本作はメインシナリオ以外のやり込み要素がとても豊富。街の住人から依頼を受けるサブクエストに、指定の強敵を討伐する「狩り」といったバトルに関わるものから、「J-STER」と呼ばれるこの世界独自のボードゲームまで楽しめる。
「J-STER」はキャラクターのイラストが描かれた六角形のトークンを使ったミニゲームで、街の住人の多くが対戦相手に。勝てば相手のトークンを獲得し、負けると自分のトークンを奪われるといったように、勝負を楽しむと同時にトークンの収集要素も備えている。
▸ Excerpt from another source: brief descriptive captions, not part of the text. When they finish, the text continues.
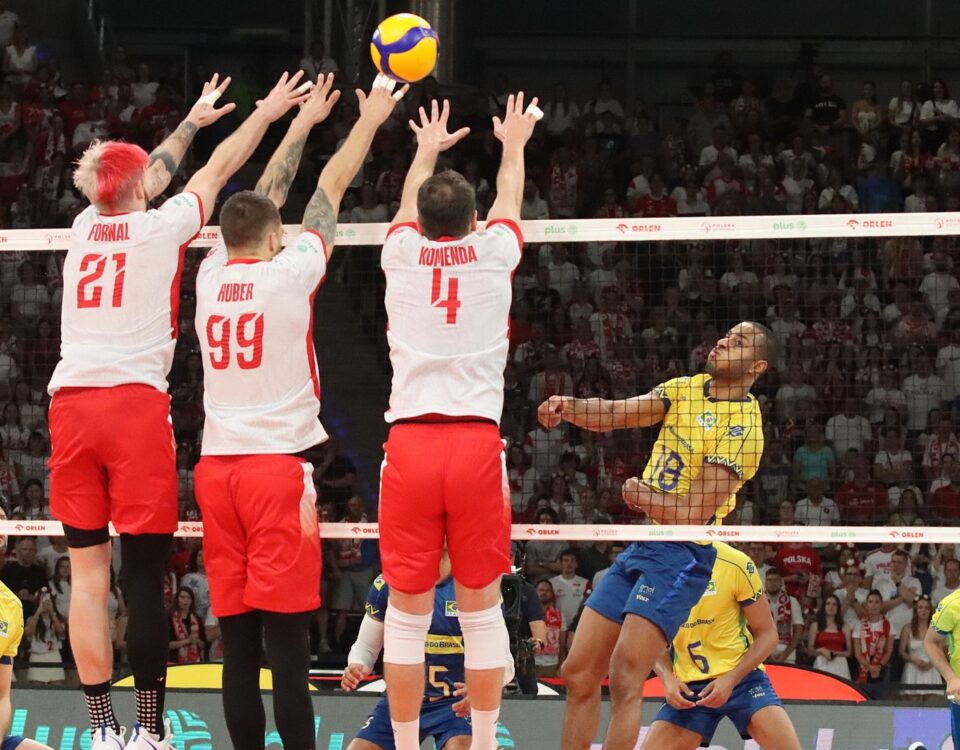 Nie brakuje sensacyjnych rozstrzygnięć na mistrzostwach świata siatkarzy.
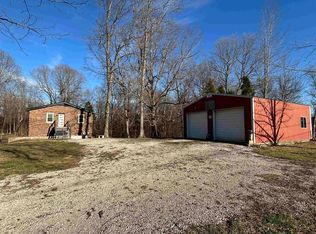 5042 State Route 69, Hawesville, KY 42348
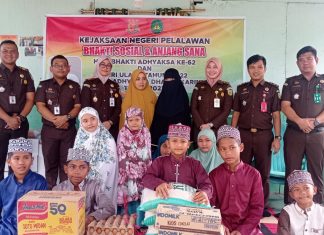 Memperingati Hari Bhakti Adhyaksa Dan HUT IAD Ke 22 Kejaksaan Negeri Pelalawan Mengadakan Kegiatan Donor Darah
数字が大きいトークンを置くことで隣接する相手のトークンを自分色に変え、最終的に自分の色のトークンが多ければ勝利。ただし六角形のトークンの各辺には数字の増減に影響するマークが付いており、どの場所に、どの向きに回転させてから配置するか、先の展開を読む頭脳戦が繰り広げられる。
最初はコツがわからず苦戦したが、慣れてくるとハマりにハマる。シナリオの進行やキャラクターの育成には影響しないにも関わらず、なかなかの時間泥棒だ。
壮大なファンタジー物語を彩る細やかな2Dアート、さまざまな要素に自分の工夫を反映できるゲームシステム。王道RPGとしての面白さをしっかりと備えつつ、かつてJRPGに親しんだゲーマーには刺さる作品だ。
『アストリア アセンディング』プレイ動画
アストリア アセンディング
・発売元:3goo
・フォーマット:PlayStation 5 / PlayStation 4
・ジャンル:RPG / アクション
・発売日:好評発売中
・価格:パッケージ版 希望小売価格 通常版 5,478円(税込)
パッケージ版 希望小売価格 スペシャルエディション 7,480円(税込)
ダウンロード版 販売価格 5,478円(税込)
・プレイ人数:1人
・CERO:B(12才以上対象)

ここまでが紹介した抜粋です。